*EXERCISE PROMPT*: Repeat only the lines below from the one containing "Daring short haircut" through the one containing "Perfect Valentino VL7N", inclusive, exactly as written.

*DATA RECORDS*:

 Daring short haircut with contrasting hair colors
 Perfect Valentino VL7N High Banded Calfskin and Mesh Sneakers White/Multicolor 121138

---

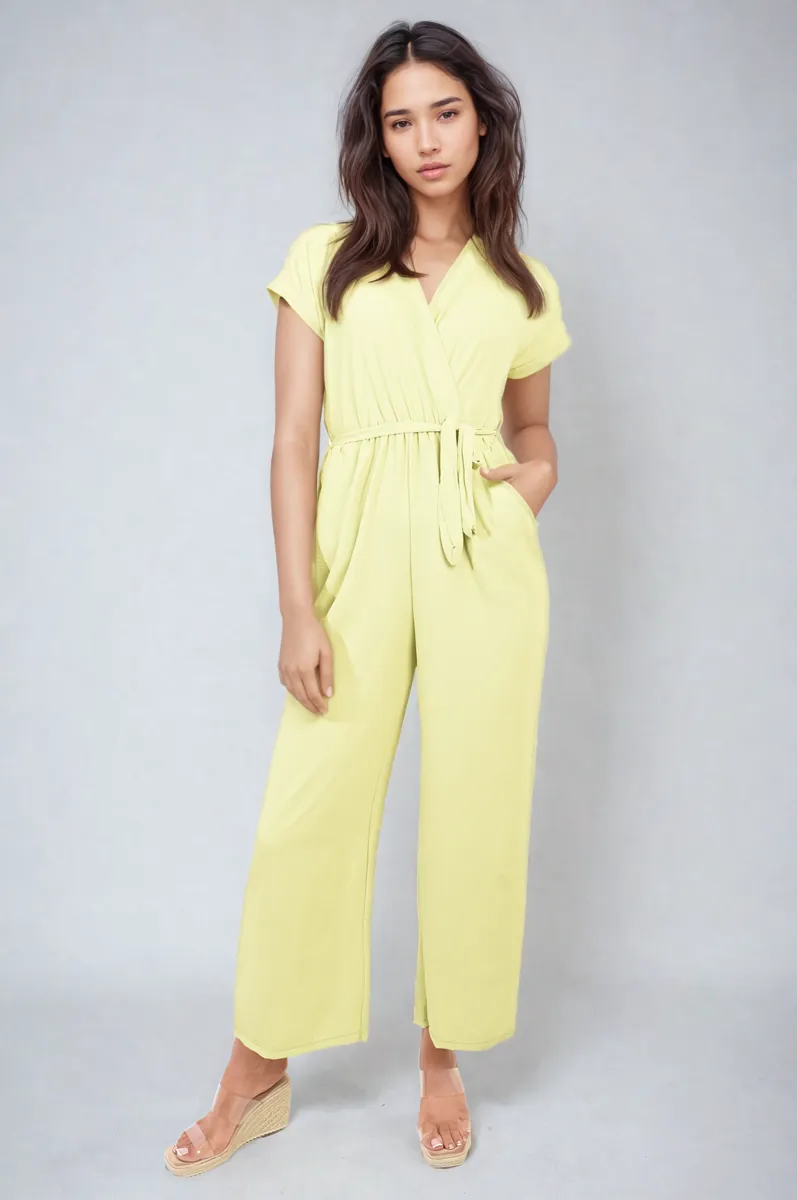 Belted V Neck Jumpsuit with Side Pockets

*WRITTEN REPLY*:
 Daring short haircut with contrasting hair colors
 Perfect Valentino VL7N High Banded Calfskin and Mesh Sneakers White/Multicolor 121138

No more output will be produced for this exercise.